A Quiet Keeper of Comfort and Quiet
Besides warmth, the rug on the wall had one more modest talent — it muffled sounds. With it, a room became softer on the ear: footsteps next door, voices, rattling — the pile soaked it all up, making things quieter and calmer. In a house with rugs there was a special kind of comfort in being silent. Sound didn't bounce off bare walls but sank into the wool, and so the quiet felt deeper and warmer.
People rarely noticed this effect directly, but everyone felt it. Step into a room with a rug and you immediately wanted to speak a little more softly, move a little more calmly. The rug seemed to set the tone: here we don't rush, here we rest. It created that very feeling of a sheltered, soft space you wanted to keep coming back to. A house with a rug on the wall gave you a hug.

Caring for a Warm Friend
The rug needed looking after, and that care was almost a rite. Once a season it was taken down from the wall and carried out into the open air. In winter — onto the snow, and that was a whole performance: you laid the rug pile-side down, threw snow over it, and then beat it with a special beater. The snow carried the dust away, and the rug came back fresh, smelling of frost and cleanliness. In summer you simply hung it out to air and patted it lightly, driving out the dust it had gathered.
Beating the rug was an unhurried, almost meditative task. The steady blows, the little clouds of dust in the light, the cool air — there was a simple joy in this kind of honest housework. Nobody hurried, because there was no reason to. Do the job calmly and thoroughly, and the rug would warm the wall again all the next season, faithful and warm. That unhurried care reflected the whole spirit of that home life better than anything.

A Little Gallery Beneath the Ceiling
The rug on the wall had an almost gallery-like role too. It decorated the room, gave it colour and character. A bare wall looked empty and unwelcoming, while a rug made it instantly lived-in, well-loved, your own. Its colours faded a little over time, but that didn't spoil it — quite the opposite, it added a touch of comfort and history. You could read the age of a home in its rug, its habits and its story.
Often the rug became the backdrop for the life of a whole family. People were photographed in front of it; it watched over celebrations and ordinary days alike; you grew so used to it that you only noticed it when it was suddenly gone. Take it down for cleaning and the wall looked bare and foreign, as if something living had left the room. Put it back, and you could breathe more easily at once. That was its secret: the rug was no ornament for guests but a quiet participant in daily life, part of the very feeling of home.

A Pattern on the Wall of Our Factory
In the world of Cheremsha, with its cosy slowness, a rug on the wall would fit right in. Picture a break room at the factory: a warm wall, a soft deep-piled pattern, a quiet in which it's so good to wait out the rush of a shift. You sit down, run your eyes over the familiar diamonds — and the hurry lets go, your shoulders drop, your breathing evens out.

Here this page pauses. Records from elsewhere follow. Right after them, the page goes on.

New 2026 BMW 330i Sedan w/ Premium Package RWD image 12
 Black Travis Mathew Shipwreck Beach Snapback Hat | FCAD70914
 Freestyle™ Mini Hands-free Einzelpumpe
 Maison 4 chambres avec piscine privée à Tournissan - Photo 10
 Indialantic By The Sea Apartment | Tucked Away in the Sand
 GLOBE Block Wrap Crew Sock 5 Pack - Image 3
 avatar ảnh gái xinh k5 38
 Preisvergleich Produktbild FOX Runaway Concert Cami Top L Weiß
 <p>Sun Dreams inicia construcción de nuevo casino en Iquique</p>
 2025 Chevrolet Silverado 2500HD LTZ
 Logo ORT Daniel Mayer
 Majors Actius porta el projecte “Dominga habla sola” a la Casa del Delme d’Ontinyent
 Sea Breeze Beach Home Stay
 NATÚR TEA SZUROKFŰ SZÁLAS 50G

That same principle of "no rush," only expressed not as a rule but simply as warm wool on a wall.
And there's something in that image deeply akin to our mascot. Cheremsha, the rabbit-lion, is rather like a rug himself: soft, warm, with his own one-of-a-kind pattern you could look at forever and fall asleep with your eyes upon. I like to think that somewhere in a corner of the factory canteen hangs a rug, beaten by all the proper rules, with a little factory tag — CHRMSH-86 — on the back, warming the backs of those who've sat down to catch their breath. Because real comfort isn't loud. It simply hangs quietly on the wall and keeps its warmth.